Starting with the line that has "NETTLIFE LED Hanglamp" and finishing with the line that has "24 PCS Winter", set down each line below exactly. Pictures are not copied.

STUDY MATERIAL.
○ ○ ○ ○

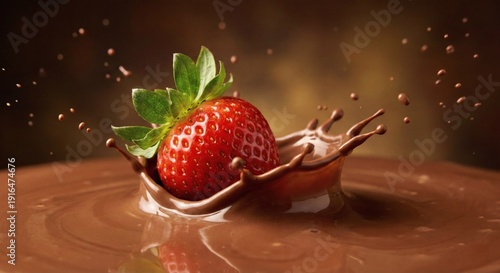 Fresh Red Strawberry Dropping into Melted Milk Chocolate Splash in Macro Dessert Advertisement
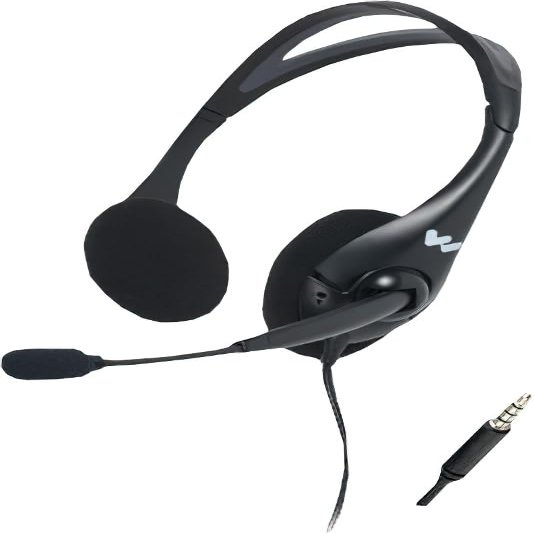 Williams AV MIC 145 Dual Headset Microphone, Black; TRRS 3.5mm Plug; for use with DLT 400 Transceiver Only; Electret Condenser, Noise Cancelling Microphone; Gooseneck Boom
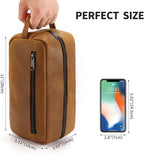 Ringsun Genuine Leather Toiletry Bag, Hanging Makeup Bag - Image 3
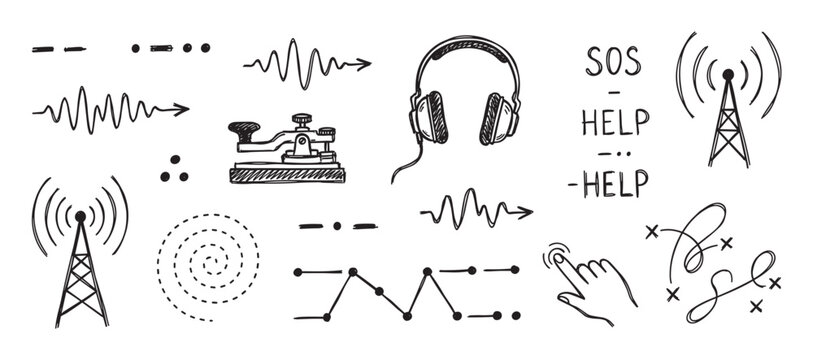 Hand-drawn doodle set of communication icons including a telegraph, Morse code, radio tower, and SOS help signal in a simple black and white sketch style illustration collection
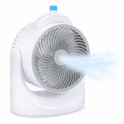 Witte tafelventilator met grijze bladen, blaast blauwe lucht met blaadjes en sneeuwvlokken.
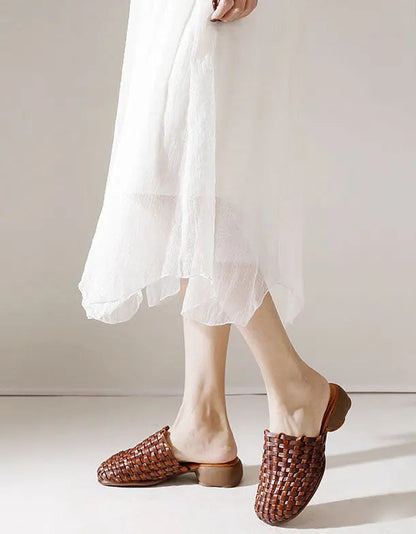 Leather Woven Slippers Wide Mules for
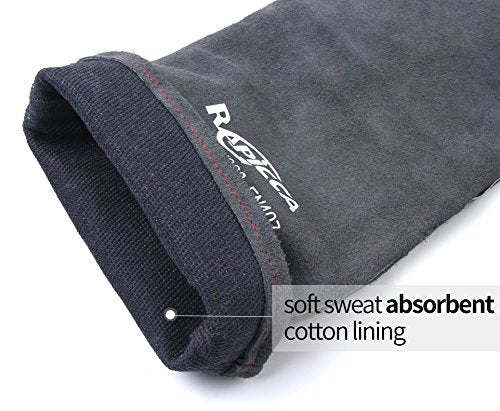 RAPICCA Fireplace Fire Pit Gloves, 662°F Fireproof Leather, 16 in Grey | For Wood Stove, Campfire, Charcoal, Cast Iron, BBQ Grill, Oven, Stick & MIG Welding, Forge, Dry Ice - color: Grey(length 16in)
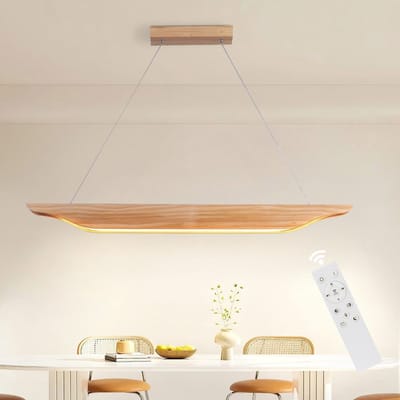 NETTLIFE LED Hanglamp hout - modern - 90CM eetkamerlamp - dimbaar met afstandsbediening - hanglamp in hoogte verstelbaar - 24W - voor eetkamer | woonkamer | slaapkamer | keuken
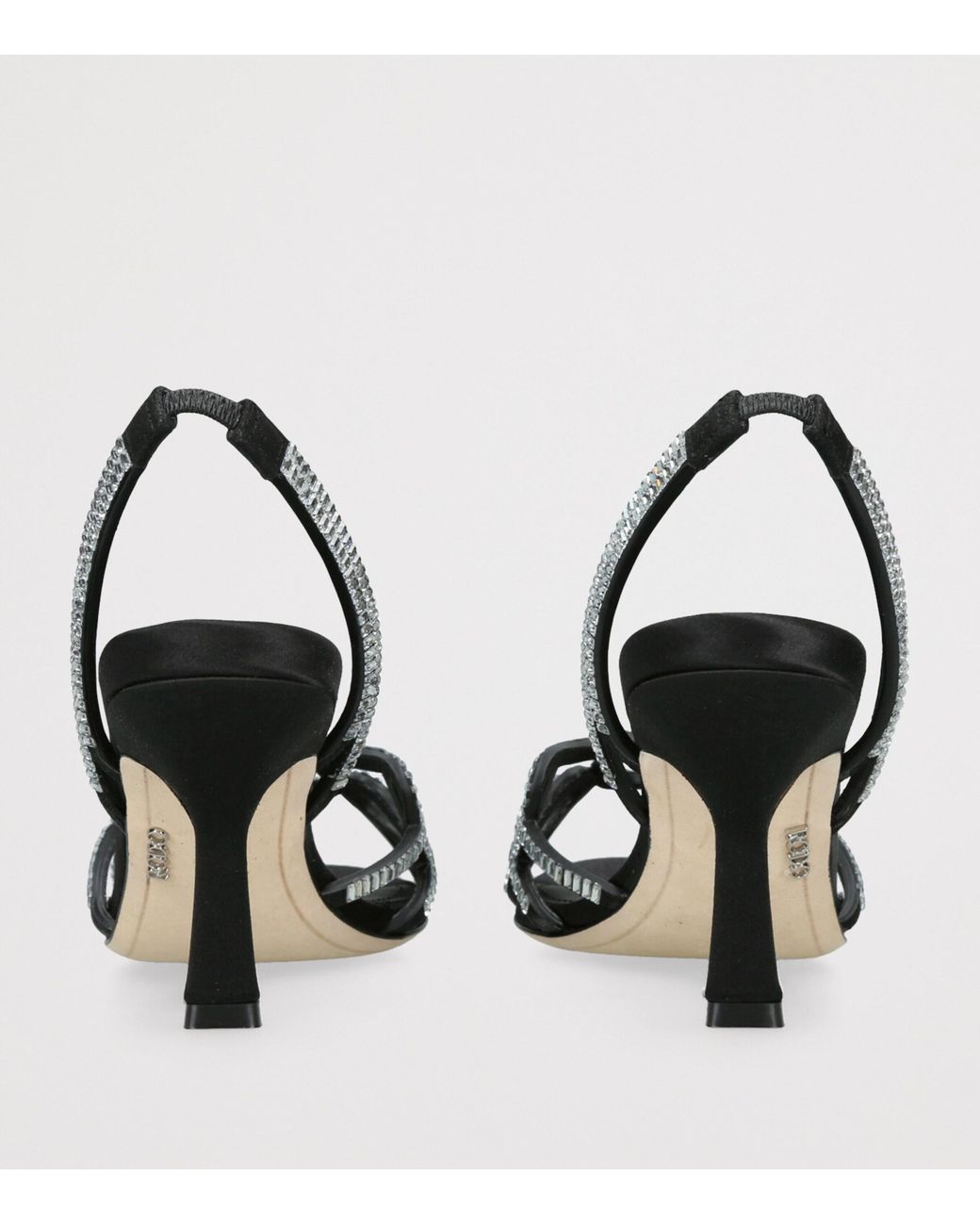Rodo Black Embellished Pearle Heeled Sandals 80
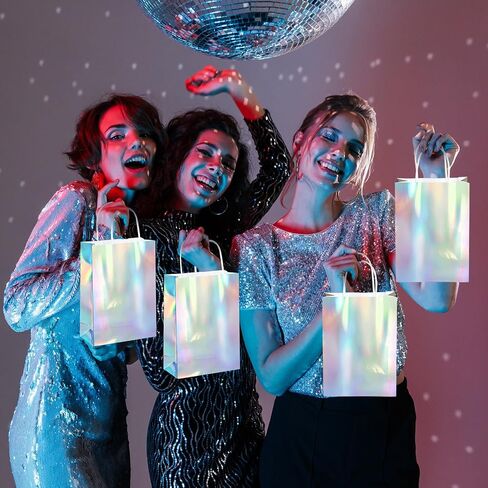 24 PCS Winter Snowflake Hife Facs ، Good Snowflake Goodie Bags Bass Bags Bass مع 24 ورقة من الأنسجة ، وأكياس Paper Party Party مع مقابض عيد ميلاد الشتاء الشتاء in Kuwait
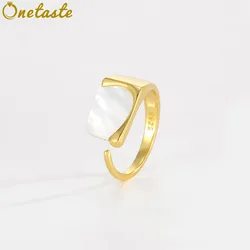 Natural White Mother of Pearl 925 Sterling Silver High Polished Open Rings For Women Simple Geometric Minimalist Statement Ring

○ ○ ○ ○

ANSWER SPACE.
 NETTLIFE LED Hanglamp hout - modern - 90CM eetkamerlamp - dimbaar met afstandsbediening - hanglamp in hoogte verstelbaar - 24W - voor eetkamer | woonkamer | slaapkamer | keuken
Rodo Black Embellished Pearle Heeled Sandals 80
 24 PCS Winter Snowflake Hife Facs ، Good Snowflake Goodie Bags Bass Bags Bass مع 24 ورقة من الأنسجة ، وأكياس Paper Party Party مع مقابض عيد ميلاد الشتاء الشتاء in Kuwait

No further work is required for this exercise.